Mason McLeod (top) and brothers Neal (left) and Seth Spradlin were aboard a single-engine plane that vanished Saturday after picking them up at Swikshak Lagoon, where they were tearing down an old ranger cabin. NPS photos.

Crews headed out for their fourth day of searching Tuesday for a small plane with four aboard that failed to return from a remote shore in Katmai National Park and Preserve.

There has been no sign of, and no signal from, the maroon de Havilland Beaver with white stripes (tail number N9313Z) since it left Swikshak Lagoon early Saturday afternoon with the pilot and three National Park Service maintenance workers. The three -- Mason McLeod, 26, and brothers Neal and Seth Spradlin -- had been tearing down the old Swikshak patrol cabin to make way for a new cabin.

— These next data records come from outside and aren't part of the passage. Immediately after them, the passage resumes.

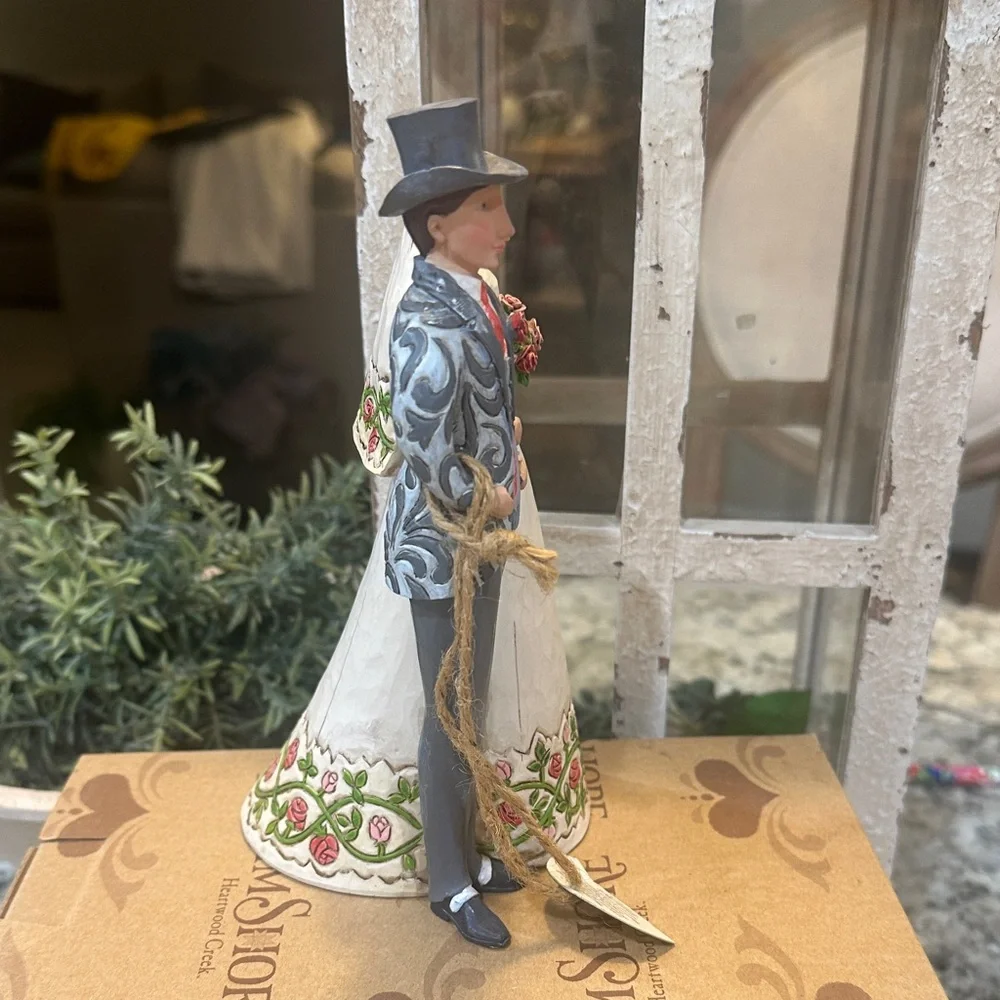 Jim Shore Wedding Couple Cake Topper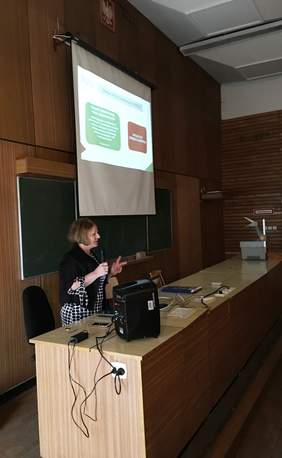 Pani Aleksandra Gierej podczas prowadzenia wykładu pt. „Rola Państwowego Funduszu Rehabilitacji Osób Niepełnosprawnych w systemie wsparcia osób z niepełnosprawnościami” "
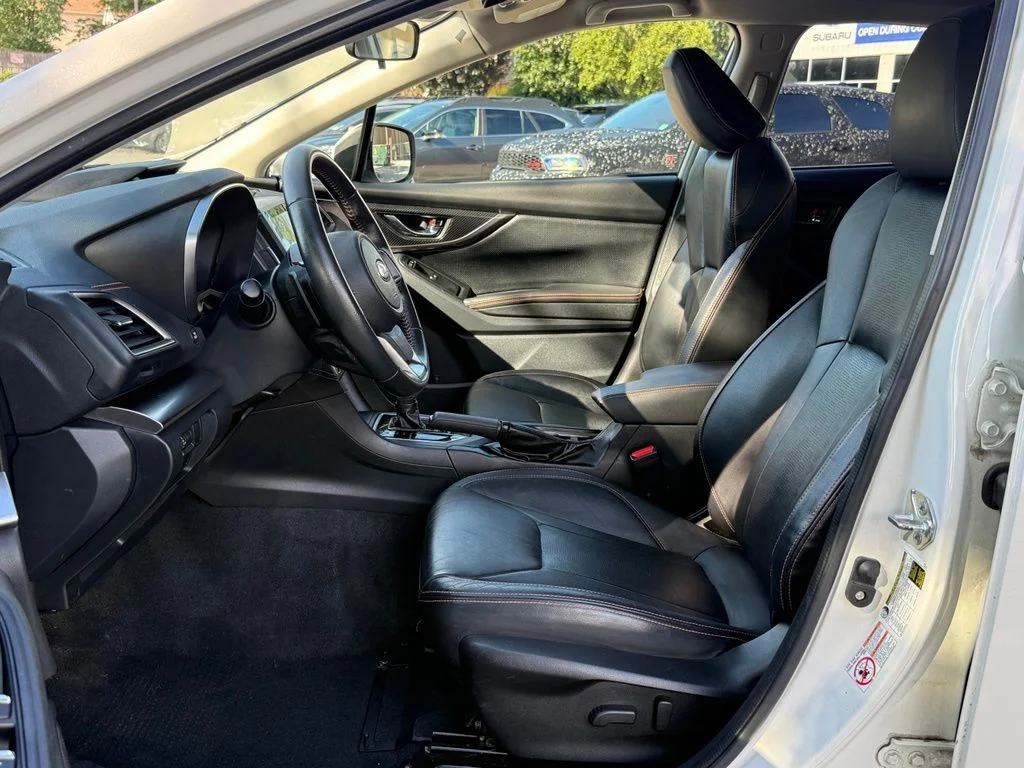 Used 2019 White Subaru 2.0i Limited image 22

On Monday crews flew over several river valleys along the northeastern coast of Katmai near Kamishak Bay. Search leaders thought the single-engine float plane, piloted by Marco Alletto, 47, of King Salmon, would have flown up one of the valleys, then along Kulik Lake west toward King Salmon

Ten aircraft – four helicopters and six fixed wing – participated in the search Monday. The multi-agency effort includes the National Park Service, U.S. Fish & Wildlife Service, Alaska State Troopers, U.S. Coast Guard, Alaska Air National Guard, Egli Air Haul, and Branch River Air. Other air taxi operators taking clients to the area have also informally joined the search. The National Park Service has a regional incident management team in place at the park’s King Salmon headquarters to assist the park coordinate the search.

Most aircraft involved in the search are equipped with GPS tracking devices, which allow the search managers to plot areas that were intensely searched during the first three days.

Today plans called for the search efforts to focus on areas that have been less intensively searched in the last three days.

Katmai is about 300 miles southwest of Anchorage.